Call for compensation as ‘green’ currencies revalue

Series Title
Series Details 23/01/97, Volume 3, Number 03
Publication Date 23/01/1997
Content Type

Date: 23/01/1997

WHEN is an ecu not an ecu? When it is converted into pounds or marks or francs under the EU's 'green money' system.

This question will be exercising the minds of Irish and British farmers this month as they come to terms with sharp reductions in various market payments following the revaluations of their 'green' currencies.

It also raises the possibility that London and Dublin will have to compensate their farmers for any drop in income.

Of all the Common Agricultural Policy's complex regulations, the 'agrimonetary' rules are the most arcane.

The system for converting subsidies paid centrally in ecu into national currencies has been amended on numerous occasions, seemingly every time currency shifts have threatened to reduce the income of one or other group of farmers.

Arrangements are now weighted so that revaluations are highly unlikely. But recent currency turbulence has meant deep cuts in the number of pounds and punts received by British and Irish farmers for selling surpluses into intervention and reductions in the level of subsidies paid to traders for exporting agricultural products.
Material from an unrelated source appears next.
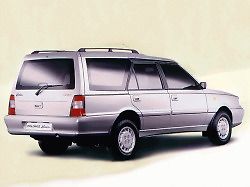 FSO Polonez se vyráběl mezi lezy 1978 až 2002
The 5.1&percent; revaluation of the pound has come at a particularly bad time for the British, reducing compensation paid from EU coffers for BSE eradication measures. But UK farmers cannot complain too much, having been the main beneficiaries of the system in recent years following sterling's slide since the early 1990s.

Irish Agriculture Minister Ivan Yates has already requested proposals from the Commission for more than 30 million ecu in compensation for losses resulting from the changes.

In a reversal of the situation 18 months ago, a group of five countries (Germany, Austria, the Netherlands, Belgium and Luxembourg) have seen their green rates undergo a series of devaluations, as the pound and punt have continued to firm up. This means that farmers in Germany, for example, receive more deutschemarks for each ecu in subsidy paid out by Brussels.

Compensation payments for price cuts introduced by the 1992 CAP reforms are also converted into national currencies, according to the green rates applicable on 1 January (for livestock) and 1 July (for arable).

But following the last major agrimonetary crisis in 1995, the Commission agreed to an arrangement under which the German-led states froze their green rates for direct aid payments at June 1995 levels. At the time, this protected their farmers from income losses associated with revaluations.

In recent months, the tide has turned, with a number of devaluations pushing up the value of payments in these currencies, making it a real possibility that farmers in the countries concerned will lose out as a result of the June 1995 deal. They are also in danger of forfeiting their right to compensation for loss of income.

Despite the costs and complexity of the system, the Commission said in a report late last year that “no change should be made to the general way the present agrimonetary arrangements function pending their revision with a view to the third stage of economic and monetary union”.